Le problème du déplacement en avion

Avant d'embarquer, découvrez ce que cela implique

Depuis trois décennies, le trafic aérien exprimé a littéralement explosé à la fois en nombre de passagers, d’avions au décollage, mais aussi en nombre de kilomètres parcourus. Pourtant, les déplacements internationaux aériens et maritimes ne sont nulle part pris en compte dans la comptabilisation des émissions, notamment dans le cadre du protocole de Kyoto.

Pourquoi ? Les calculs permettant d’attribuer l’origine des pollutions sont extrêmement complexes : doit-on considérer l’origine des passagers, la provenance ou la destination de l’avion, ou encore la nationalité de l’entreprise aérienne ? En conséquence de quoi, chacun préférant attribuer ces émissions au voisin, personne ne les comptabilise…

Un Boeing 747 émet sur un trajet de Londres à New York autant de GES que 80 gros 4x4 pendant 1 an de trajets intensifs (soit 440 tonnes d’équivalent CO2).

En 2003, on estimait que chaque habitant de Suisse parcourt en moyenne 5.285 km en avion, chaque année. 13 % des émissions de CO2 du pays sont imputables au transport aérien.

Un vol aller-retour Paris-Zurich émet 300 kg de CO2 par personne contre 48 en train (Ofefp, 2002).

En 1999, le transport aérien était déjà responsable de 3,5 % du forçage radiatif d’origine anthropique dans le monde.
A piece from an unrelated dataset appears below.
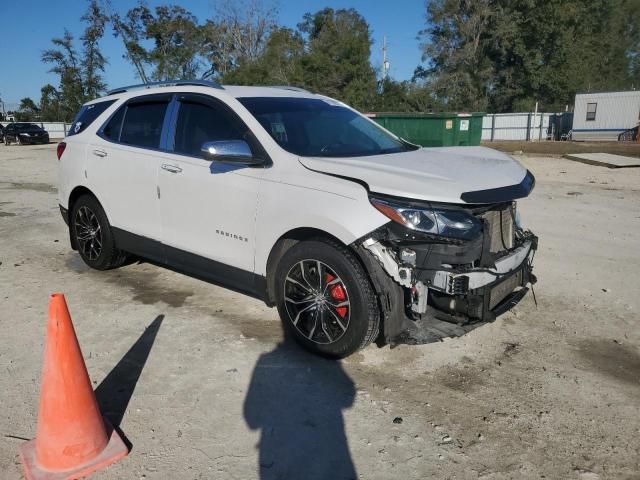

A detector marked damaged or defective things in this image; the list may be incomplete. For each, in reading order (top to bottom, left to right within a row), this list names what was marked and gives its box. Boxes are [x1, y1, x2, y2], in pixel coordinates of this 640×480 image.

damaged white suv [57, 80, 536, 356]
damaged front bumper [356, 202, 540, 344]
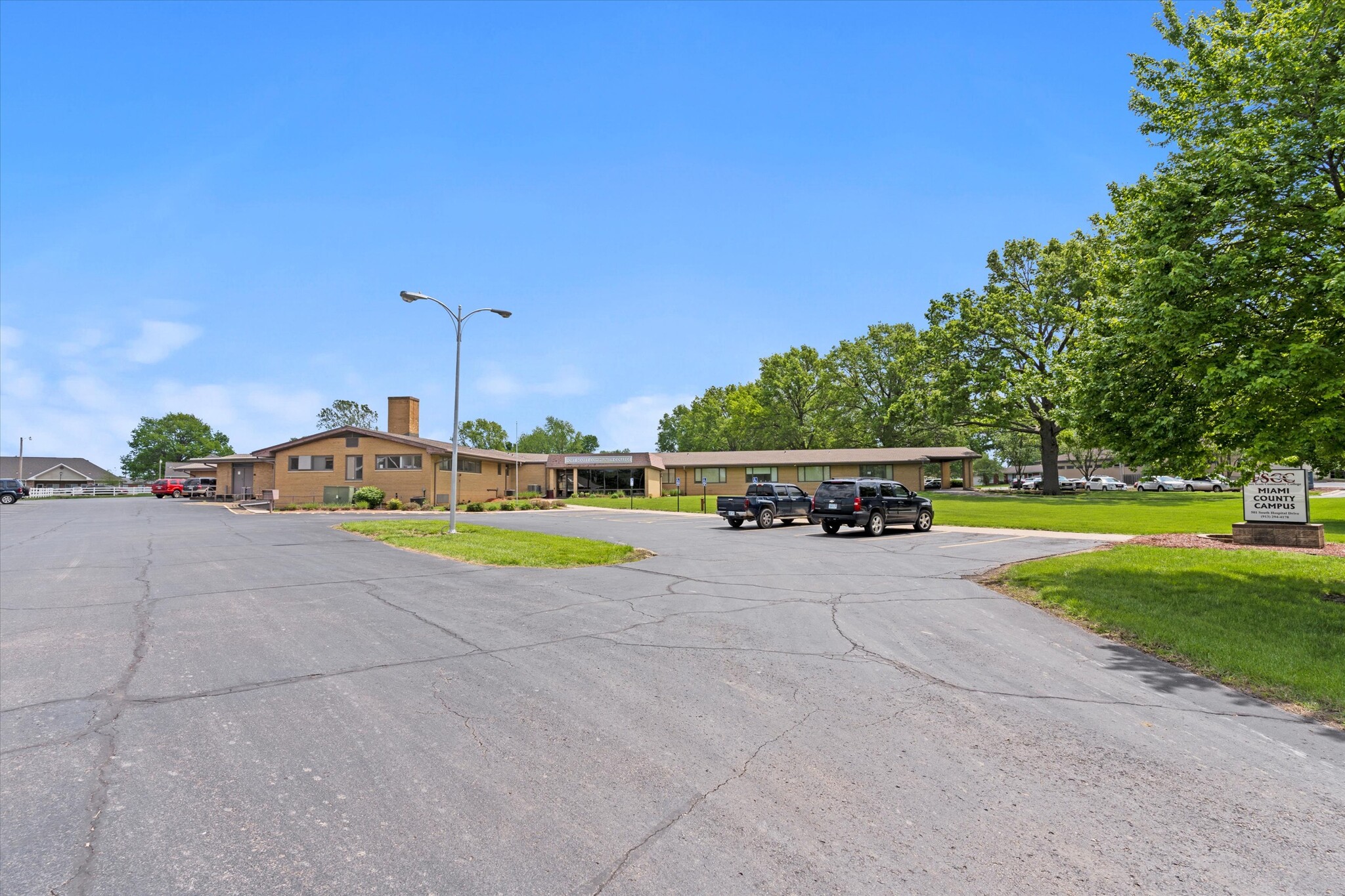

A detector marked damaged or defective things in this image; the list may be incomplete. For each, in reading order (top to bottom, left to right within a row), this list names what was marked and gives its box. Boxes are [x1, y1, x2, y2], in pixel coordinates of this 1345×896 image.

De plus, les émissions issues de l’aviation ont un impact plus important que celles rejetées au niveau du sol : le CO2 provenant des avions est émis en altitude et le forçage radiatif s’avère donc 2 à 4 fois plus intense que celui provenant d’autres modes de transport. Des réductions de ce forçage radiatif peuvent être obtenues en augmentant l’efficacité du carburant ou grâce à des modifications physiques du moteur (qui empêcheraient la formation de traînées de condensation ou de cirrus).

Alors que la Communauté Européenne a instauré des normes sur la construction des moteurs automobiles, il n’y a pas d’équivalent pour les avions (bien que certains constructeurs se soient engagés à une diminution de 10 % des émissions des avions en 10 ans). Il faut savoir que, sur un même parcours, un avion consomme 4 fois plus d’énergie que le train et que 40 % des voyages en avion s’effectuent sur des distances inférieures à 800 km, pour lesquelles les lignes à grande vitesse sont souvent plus pratiques (puisque le train dessert directement les centres-villes).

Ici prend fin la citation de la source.